__SUPPLIED DATA__
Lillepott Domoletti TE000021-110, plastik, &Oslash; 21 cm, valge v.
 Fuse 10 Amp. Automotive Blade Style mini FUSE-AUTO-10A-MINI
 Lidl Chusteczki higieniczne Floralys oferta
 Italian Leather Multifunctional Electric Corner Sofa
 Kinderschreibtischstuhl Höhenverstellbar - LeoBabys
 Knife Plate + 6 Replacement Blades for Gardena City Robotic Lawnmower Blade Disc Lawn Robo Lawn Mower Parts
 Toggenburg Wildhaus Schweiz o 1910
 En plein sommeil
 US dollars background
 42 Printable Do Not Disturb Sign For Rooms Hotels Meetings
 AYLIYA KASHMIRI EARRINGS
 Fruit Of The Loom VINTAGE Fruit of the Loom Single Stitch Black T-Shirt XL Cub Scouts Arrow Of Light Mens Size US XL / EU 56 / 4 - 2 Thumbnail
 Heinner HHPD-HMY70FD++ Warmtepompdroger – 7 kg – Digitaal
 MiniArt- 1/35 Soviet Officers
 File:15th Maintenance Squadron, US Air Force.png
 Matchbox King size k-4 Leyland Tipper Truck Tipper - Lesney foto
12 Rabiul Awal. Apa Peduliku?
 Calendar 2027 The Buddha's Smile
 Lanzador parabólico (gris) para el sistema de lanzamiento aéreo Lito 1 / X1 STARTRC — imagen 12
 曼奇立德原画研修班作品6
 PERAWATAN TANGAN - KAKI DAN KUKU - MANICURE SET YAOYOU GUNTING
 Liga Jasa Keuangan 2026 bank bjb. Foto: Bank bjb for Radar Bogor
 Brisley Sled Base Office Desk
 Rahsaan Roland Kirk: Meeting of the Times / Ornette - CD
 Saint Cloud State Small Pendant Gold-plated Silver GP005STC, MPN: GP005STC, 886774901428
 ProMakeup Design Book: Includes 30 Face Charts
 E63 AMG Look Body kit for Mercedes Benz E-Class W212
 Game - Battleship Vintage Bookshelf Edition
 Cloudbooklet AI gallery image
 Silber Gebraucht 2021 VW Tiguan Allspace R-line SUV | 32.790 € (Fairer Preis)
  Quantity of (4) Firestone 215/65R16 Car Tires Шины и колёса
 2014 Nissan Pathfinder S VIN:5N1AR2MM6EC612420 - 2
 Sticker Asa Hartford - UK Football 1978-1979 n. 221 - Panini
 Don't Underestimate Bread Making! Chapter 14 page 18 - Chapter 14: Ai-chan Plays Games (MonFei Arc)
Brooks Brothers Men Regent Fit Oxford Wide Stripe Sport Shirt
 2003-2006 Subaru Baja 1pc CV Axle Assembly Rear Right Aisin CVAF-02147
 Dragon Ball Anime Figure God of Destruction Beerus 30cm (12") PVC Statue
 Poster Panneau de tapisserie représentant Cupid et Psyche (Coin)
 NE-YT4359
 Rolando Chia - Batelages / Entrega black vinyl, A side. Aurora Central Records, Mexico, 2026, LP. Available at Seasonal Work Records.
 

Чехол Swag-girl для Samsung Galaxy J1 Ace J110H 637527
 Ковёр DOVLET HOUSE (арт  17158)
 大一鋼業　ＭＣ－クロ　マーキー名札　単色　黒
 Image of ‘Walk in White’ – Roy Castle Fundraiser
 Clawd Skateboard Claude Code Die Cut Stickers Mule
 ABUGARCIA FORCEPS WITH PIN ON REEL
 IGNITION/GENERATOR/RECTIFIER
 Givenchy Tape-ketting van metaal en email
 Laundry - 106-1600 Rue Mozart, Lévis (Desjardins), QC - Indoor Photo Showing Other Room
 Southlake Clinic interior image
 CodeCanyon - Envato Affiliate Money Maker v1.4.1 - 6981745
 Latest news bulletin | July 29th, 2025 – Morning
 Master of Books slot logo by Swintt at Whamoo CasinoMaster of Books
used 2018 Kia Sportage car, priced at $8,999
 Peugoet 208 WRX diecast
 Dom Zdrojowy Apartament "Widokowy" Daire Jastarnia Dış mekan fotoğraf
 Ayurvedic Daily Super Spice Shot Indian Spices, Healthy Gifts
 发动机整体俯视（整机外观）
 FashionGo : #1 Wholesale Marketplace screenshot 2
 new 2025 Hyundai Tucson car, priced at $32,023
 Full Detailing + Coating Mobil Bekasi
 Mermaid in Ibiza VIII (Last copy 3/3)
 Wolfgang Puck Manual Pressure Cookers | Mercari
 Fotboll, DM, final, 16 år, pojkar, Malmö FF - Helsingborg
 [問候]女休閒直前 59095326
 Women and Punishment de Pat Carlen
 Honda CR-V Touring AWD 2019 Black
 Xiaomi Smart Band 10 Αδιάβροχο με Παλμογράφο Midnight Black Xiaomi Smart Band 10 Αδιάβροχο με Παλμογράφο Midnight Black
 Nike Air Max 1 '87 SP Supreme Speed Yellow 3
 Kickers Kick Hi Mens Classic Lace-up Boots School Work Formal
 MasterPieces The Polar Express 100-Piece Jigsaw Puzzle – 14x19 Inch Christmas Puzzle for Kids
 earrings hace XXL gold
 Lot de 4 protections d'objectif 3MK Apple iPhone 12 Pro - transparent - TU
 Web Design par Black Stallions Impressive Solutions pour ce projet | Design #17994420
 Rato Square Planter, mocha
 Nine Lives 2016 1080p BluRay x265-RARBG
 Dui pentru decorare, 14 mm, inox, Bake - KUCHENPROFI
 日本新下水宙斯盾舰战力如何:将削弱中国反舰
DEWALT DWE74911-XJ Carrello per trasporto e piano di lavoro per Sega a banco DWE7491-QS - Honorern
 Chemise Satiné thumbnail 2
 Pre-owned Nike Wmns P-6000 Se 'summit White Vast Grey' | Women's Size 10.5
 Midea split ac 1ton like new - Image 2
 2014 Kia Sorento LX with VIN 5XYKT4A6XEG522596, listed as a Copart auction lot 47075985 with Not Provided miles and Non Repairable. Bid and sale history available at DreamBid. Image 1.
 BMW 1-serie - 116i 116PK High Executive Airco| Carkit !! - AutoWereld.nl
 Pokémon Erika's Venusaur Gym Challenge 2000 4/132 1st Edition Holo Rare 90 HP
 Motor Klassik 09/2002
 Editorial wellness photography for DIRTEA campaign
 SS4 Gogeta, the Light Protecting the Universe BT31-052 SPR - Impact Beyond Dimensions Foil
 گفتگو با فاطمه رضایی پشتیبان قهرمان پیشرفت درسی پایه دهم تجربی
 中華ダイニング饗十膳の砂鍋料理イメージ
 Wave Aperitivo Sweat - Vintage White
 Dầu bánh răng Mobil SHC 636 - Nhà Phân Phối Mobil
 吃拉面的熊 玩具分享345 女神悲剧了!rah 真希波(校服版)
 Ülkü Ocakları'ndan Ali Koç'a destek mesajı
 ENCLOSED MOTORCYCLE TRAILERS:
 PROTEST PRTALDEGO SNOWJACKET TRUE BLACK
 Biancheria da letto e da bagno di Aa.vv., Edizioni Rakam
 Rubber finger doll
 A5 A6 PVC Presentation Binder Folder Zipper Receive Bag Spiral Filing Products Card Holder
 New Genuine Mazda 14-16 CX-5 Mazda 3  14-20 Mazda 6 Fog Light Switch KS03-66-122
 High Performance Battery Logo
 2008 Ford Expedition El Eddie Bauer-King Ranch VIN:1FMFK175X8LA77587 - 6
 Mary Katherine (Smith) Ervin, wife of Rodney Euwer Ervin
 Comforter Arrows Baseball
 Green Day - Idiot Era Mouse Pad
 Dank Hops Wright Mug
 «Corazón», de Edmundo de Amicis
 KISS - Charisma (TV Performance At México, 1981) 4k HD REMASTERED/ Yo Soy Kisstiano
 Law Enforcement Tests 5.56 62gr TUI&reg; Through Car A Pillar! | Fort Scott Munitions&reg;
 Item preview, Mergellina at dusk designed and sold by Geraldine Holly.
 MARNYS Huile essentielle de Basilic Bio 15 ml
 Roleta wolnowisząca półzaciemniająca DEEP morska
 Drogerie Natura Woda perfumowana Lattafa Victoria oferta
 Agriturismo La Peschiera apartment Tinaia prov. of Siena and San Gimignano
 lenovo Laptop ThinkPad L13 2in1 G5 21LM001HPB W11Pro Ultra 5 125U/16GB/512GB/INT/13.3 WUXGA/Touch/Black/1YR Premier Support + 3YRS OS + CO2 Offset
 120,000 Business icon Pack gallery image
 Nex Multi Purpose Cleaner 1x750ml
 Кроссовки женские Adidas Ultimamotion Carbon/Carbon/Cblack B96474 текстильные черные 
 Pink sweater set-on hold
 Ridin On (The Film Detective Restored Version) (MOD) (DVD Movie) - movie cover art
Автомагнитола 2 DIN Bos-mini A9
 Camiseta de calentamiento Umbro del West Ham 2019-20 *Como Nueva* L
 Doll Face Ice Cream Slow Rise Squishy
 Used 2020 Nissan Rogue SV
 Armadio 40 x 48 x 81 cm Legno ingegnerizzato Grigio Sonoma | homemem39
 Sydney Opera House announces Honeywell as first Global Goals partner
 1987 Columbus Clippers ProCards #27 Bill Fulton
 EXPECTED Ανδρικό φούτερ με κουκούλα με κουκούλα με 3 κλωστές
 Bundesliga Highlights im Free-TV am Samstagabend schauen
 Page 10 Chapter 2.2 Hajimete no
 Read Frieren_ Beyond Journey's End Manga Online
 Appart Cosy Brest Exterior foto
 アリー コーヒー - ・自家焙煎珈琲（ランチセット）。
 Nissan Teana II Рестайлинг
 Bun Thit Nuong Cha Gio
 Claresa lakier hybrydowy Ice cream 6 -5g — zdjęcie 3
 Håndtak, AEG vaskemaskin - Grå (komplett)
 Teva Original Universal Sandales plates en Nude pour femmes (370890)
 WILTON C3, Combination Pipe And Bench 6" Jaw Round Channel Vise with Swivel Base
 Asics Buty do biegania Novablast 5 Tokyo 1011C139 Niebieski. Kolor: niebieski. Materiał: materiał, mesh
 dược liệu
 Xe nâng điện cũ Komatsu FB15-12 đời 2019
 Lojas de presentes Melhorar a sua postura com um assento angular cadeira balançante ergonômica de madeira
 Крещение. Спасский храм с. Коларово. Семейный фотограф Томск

__TASK INSTRUCTIONS__
Could you return exactly the lines above from the line with "US dollars background" to the line with "Silber Gebraucht 2021", both included, and nothing else?

__YOUR SOLUTION__
 US dollars background
 42 Printable Do Not Disturb Sign For Rooms Hotels Meetings
 AYLIYA KASHMIRI EARRINGS
 Fruit Of The Loom VINTAGE Fruit of the Loom Single Stitch Black T-Shirt XL Cub Scouts Arrow Of Light Mens Size US XL / EU 56 / 4 - 2 Thumbnail
 Heinner HHPD-HMY70FD++ Warmtepompdroger – 7 kg – Digitaal
 MiniArt- 1/35 Soviet Officers
 File:15th Maintenance Squadron, US Air Force.png
 Matchbox King size k-4 Leyland Tipper Truck Tipper - Lesney foto
12 Rabiul Awal. Apa Peduliku?
 Calendar 2027 The Buddha's Smile
 Lanzador parabólico (gris) para el sistema de lanzamiento aéreo Lito 1 / X1 STARTRC — imagen 12
 曼奇立德原画研修班作品6
 PERAWATAN TANGAN - KAKI DAN KUKU - MANICURE SET YAOYOU GUNTING
 Liga Jasa Keuangan 2026 bank bjb. Foto: Bank bjb for Radar Bogor
 Brisley Sled Base Office Desk
 Rahsaan Roland Kirk: Meeting of the Times / Ornette - CD
 Saint Cloud State Small Pendant Gold-plated Silver GP005STC, MPN: GP005STC, 886774901428
 ProMakeup Design Book: Includes 30 Face Charts
 E63 AMG Look Body kit for Mercedes Benz E-Class W212
 Game - Battleship Vintage Bookshelf Edition
 Cloudbooklet AI gallery image
 Silber Gebraucht 2021 VW Tiguan Allspace R-line SUV | 32.790 € (Fairer Preis)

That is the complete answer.